J’ai le souvenir à un moment donné d’avoir eu envie un petit peu de la secouer, de lui dire, ça c’est ce que tu ressens c’est toi, lui il est bien donc il faut qu’on le suive. Si lui il est bien, le travail il est fait en soi. Nous on a juste besoin de l’accompagner.
Au fil du temps les pensées négatives prennent de moins en moins de place, elles diminuent à mesure que les parents intègrent cette nouvelle réalité de l’homosexualité de leur enfant sur le plan intime, social aussi.
Sandrine
Mes parents n’ont jamais tourné le dos, bien au contraire. L’amour a toujours été présent. Après, il fallait que mes parents se fassent à l'idée quoi. Tout simplement.
Il y a l’affirmation de soi chez soi, parmi les siens et puis il y a celle que l’on fait au quotidien, dans son environnement amical ou professionnel. Pour certains la peur du regard des autres est un frein, pour d’autres, comme Sandrine, ce peut être un moteur. Pour elle, le coming-out social relèverait presque de l’acte militant...
Sandrine
Ça m’est arrivé de parler de mon frère et de mon beau-frère et qu’on m’ait dit, notamment dans la sphère professionnelle, “mais tu as un frère, pourquoi, d'où il vient ton beau-frère” Et là on se doit de se justifier, oui mon frère est avec un homme. C’est vrai, il y a un coming-out social.
Il faut se justifier. C’est dur quoi, parce qu’on n’a pas envie de se justifier. Mais maintenant avec le temps, c’est devenu une petite fierté, je vous présente mon frère et mon beau frère. Et voilà, les gens comprennent.”
L’orientation sexuelle de Lionel n’est plus du tout un tabou dans sa famille. Ses parents ont eu besoin d’un temps d’adaptation en raison d’une perception négative et erronée de l’homosexualité. Mais ce qui a primé chez eux c’est l’amour qu’ils éprouvent pour leur fils. Ils ont ouvert les yeux, changé d’opinion et fait preuve de tolérance. Lionel s’est senti libéré, il a présenté son partenaire Yannick à ses parents, ils sont d’ailleurs aujourd’hui mariés depuis 8 ans.
La famille est soudée, ils partagent des repas, des week-ends, des projets et les seules frontières qui persistent ce sont celles des pays qu’ils visitent ensemble lors de leurs nombreux voyages.

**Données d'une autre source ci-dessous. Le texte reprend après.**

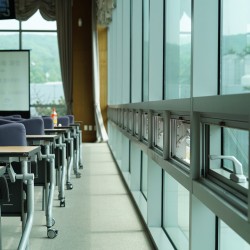 Cómo influye el diseño de espacios en un aula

Notre rôle à tous, c’est d’agir chacun à notre manière pour faire évoluer les mentalités. Pour que l’affirmation de son identité ou de son orientation sexuelle ne soit plus jamais une étape douloureuse. Parce que contre l’intolérance, c’est à nous de faire la différence...comme Sandrine.
Sandrine
Au quotidien, je fais la différence en parlant librement à mes filles du choix de leur sexualité, qu’il leur appartient et qu’elles peuvent autant aller vers une fille que vers un garçon.
Et si vous voulez savoir pourquoi Sandrine a témoigné dans ce podcast, voici sa réponse.
Sandrine
C’est une cause qui me tient à cœur, certainement parce que j’aime très fort mon frère. C’est une façon de dire à mes filles, prenez le chemin que vous voulez aussi.